There is one summer celebration everyone looks forward to – Fourth of July. One of the most appealing aspects of celebrating the fourth is enjoying the hometown fireworks displays that celebrate American independence. With the current social distancing guidelines discouraging large groups, and many towns canceling celebration events, the likelihood of home displays this year is increasing. However, the thrill of lighting fireworks for personal entertainment can quickly turn the “oohs” and “ahhs” to shouts of pain and trips to the emergency room.
The American Pyrotechnics Association (APA) states that consumer purchases of fireworks – the type that can be sold without a license – reached $945 million last year.
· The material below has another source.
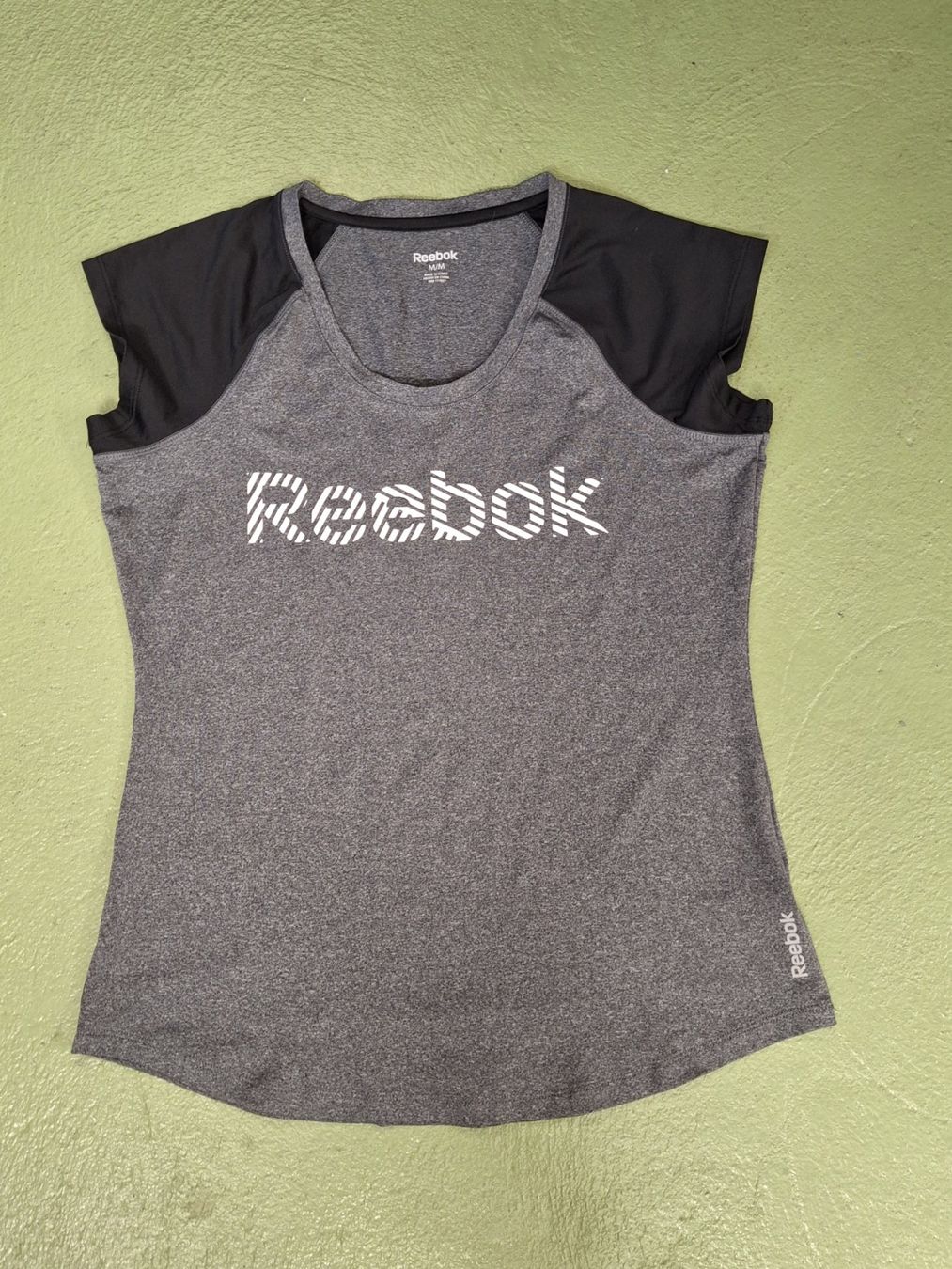Reebok T-shirt: Reebok Sportshirt – Usato da Niederglatt ZH venduto da Bobsli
Conversely, display fireworks – the type used in display shows, under the supervision of a trained pyrotechnician – hit $360 million in sales.
Regardless of the amount of fireworks sold, the injury levels have stayed the same over the past few decades. The CPSC (Consumer Product Safety Commission) statistics show that an average of 180 people go the emergency room every day with fireworks-related injuries from mid-June to mid-July. In 2018, hospital emergency departments treated an estimated 9,100 injuries that involved fireworks, with 5,600 of those falling between the period of June 22nd to July 22nd. In 2009, the number of injuries was 8,800.
Firecrackers were involved in the majority of injuries. The CSPC stats revealed that:
- Approximately 1,000 injuries resulted from firecrackers, 500 from sparklers, 400 from Roman candles, and 200 from bottle rockets.
- The body parts most injured were hands and fingers at 28%. Legs were at 24%, eyes were 19%, and head, face and ear injuries made up 15%.
- Half of those treated for fireworks-related injuries were people younger than 20 years old, with 64% of the total injuries happening to men.
The CSPC shares these recommendations to keep everyone safe:
- Do not allow young children to play with fireworks. Sparklers, a firework often considered by many to be the ideal “safe” device for the young, burn at very high temperatures and should be not be handled by young children.
- Set off fireworks outdoors in a clear area, away from houses, dry leaves, or grass and other flammable materials.
- Keep a bucket of water nearby for emergencies and for pouring on fireworks that fail to ignite or explode.
- Do not try to relight or handle malfunctioning fireworks. Soak them with water and throw them away
- Be sure other people are out of range before lighting fireworks.
- Never light fireworks in a container, especially a glass or metal container.
- Keep unused fireworks away from firing areas.
- Store fireworks in a cool, dry place.
- Check instructions for special storage directions.
- Observe local laws.
- Never have any portion of your body directly over a firework while lighting.
- Do not experiment with homemade fireworks.
Fireworks can still be enjoyed this year with the right safety precautions in mind. Follow the steps above and never hesitate to call 911 in the case of an emergency. Don’t let your holiday barbecue end in the emergency room.